Kepala Kantor Wilayah Kementerian Hukum dan Hak Asasi Manusia DIY Rusdiyanto menyatakan cukup lega dengan pengakuan dari pelaku penem­bakan empat tahanan di lembaga pemasyarakat Cebongan, Sleman pada 23 Maret dinihari lalu. Namun dia mem­inta agar proses hukum terus berlanjut. "Meskipun sudah ada pengakuan pelaku, proses hukum harus tetap berlanjut," kata Rusdiyanto.

Dia melanjutkan, "Seperti yang dijan­jikan Pak Unggul (Ketua Tim Investigasi TNI AD Brigadir Jenderal Unggul Yudhoyono), bahwa pekaku akan ditang­ani Denpom."

Presiden Susilo Bambang Yudhoyono (SBY) angkat bicara mengenai diungkapnya 11 pelaku penyerangan Lembaga Permasyarakatan Cebongan, Sleman. Sang kepala negara meminta hukum tetap harus ditegakkan. "Para prajurit tampil bertanggung jawab, ksa­tria dan siap menerima sanksi. Bagi saya itu bertanggung jawab, ksatria. Itulah prajurit sejati yang harus ditunjukkan seluruh rakyat Indonesia, mereka bertanggung jawab. Hukum harus ditegakan seadil-adilnya," ujar SBY di masjid Baiturahman, komplek Istana Merdeka, Jl Medan Merdeka Utara, Jumat pekan lalu.

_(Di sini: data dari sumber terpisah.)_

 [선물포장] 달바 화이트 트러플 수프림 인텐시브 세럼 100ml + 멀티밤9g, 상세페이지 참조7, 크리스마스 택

Mengenai penegakan hukum kasus penyerangan LP Cebongan tersebut. SBY meminta TNI dan Polri untuk berkoodinasi. SBY percaya dua institusi tersebut akan dapat bekerja secara profesional."Saya dukung langkah-langkah TNI dan Polri untuk tegakkan hukum dan keadilan, berikan ruang selu­as-luasnya untuk mereka bekerja secara profesional," ujar SBY yang mengenakan baju koko warna putih.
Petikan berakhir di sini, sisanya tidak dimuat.